The Bonk Chronicles: Endo Consult Finally Scheduled

I thought things were on the right track after my hook up with the highly recommended Endocrinologist’s office, then I got a message from my PCF this AM (5/18):

Dear Dean,
I’ve been doing some more investigating into Endocrinology options – with PPIC insurance you also have the option of seeing one of the Meriter Medical Group Endocrinologists, Dr. Deborah Wubben or Dr. Simone Glinberg. They would be able to see you in the office for a consultation before deciding weather or not to proceed with a hospital admission for a 72-hour fast.

If this option sounds better than UW Endocrinology then I will proceed with the referral process.

I had checked in with both UW-Endo and my PCF last week and was told they were talking to each other to get something scheduled. Not excited about the glacial pace of progress with getting an Endo consult. I responded to my PCF thusly:

Thank you for the follow up. I am slightly confused about this situation. From what I understand in my limited discussions with them, UW Endocrinology wants the 72-hour fast with blood work done before they’ll do a consult. I mentioned trying to do blood work during or immediately after exercise to better replicate the situation. They were not sure if this could be accommodated. Now it sounds like you’re recommending I go another route with Meriter Medical Group.
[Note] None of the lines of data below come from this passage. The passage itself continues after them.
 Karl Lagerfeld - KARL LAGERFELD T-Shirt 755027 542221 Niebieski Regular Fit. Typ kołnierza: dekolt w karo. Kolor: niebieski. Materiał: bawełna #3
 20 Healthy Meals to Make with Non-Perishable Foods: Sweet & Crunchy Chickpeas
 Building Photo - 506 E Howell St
I understand that additional blood work needs to be draw when I’m exhibiting symptoms. My concern is that similar to the previous (inconclusive) tests using a 12-hour fast, the 72-hour fast may not accurately represent the conditions under which I experience hypoglycemia. If that test incurs a hospital stay for the entire 72 hours, I question whether or not it is worth the investment in time and medical resources.

On 5/6 about 5:30 PM, I had a friend assist me in checking my glucose every 5 minutes while I was running on a treadmill. Pre-run I registered at 85. Within about 37 minutes at an easy pace it had plummeted to 22, falling from 41 to 22 in the last 5 minutes alone. This episode was after a day of never going more the 90 minutes without food and having a substantial snack 60 minutes before the run. Clearly something is wrong and I know the symptoms can be replicated.

I have an Ironman event scheduled for 6/27 and hope to do a good deal of training yet before then. At this point I’d advocate whatever path is going to get me useful answers in the shortest amount of time.

thanks!
~dean

He then responded:

Hi Dean,
I’ll go ahead and try to make arrangements for Endocrinology consultation with Dr. Wubben or Dr. Glinberg with the Meriter Medical Group. I think that would be the best route. It also looks like you have an MRI scheduled on 5/26 that would still be worthwhile keeping.

PCP’s Office called me this morning (5/19) and let me know I have a consult appointment with Dr. Wubben on 6/2. So from what I understand, my preferred Endo Clinic told my PCP that they wanted better test results (72-hour fast) before they’d do a consult. Because they hadn’t seen me yet, my PCP needed to order the test, not them. I can see their point: they were trying to be expedient (because they understand the urgency of my IM time line) and wanted to start from a more accurate place – both which I appreciate. For reasons unclear to me, my PCP either likes this other clinic better and/or doesn’t want to order the tests prior to a consult. Further, it seems there may be some HMO politics at play here as well. The two Endo clinics would send me to different hospitals. Unfortunately, the bottom line is that I get two more weeks to wait with no answers…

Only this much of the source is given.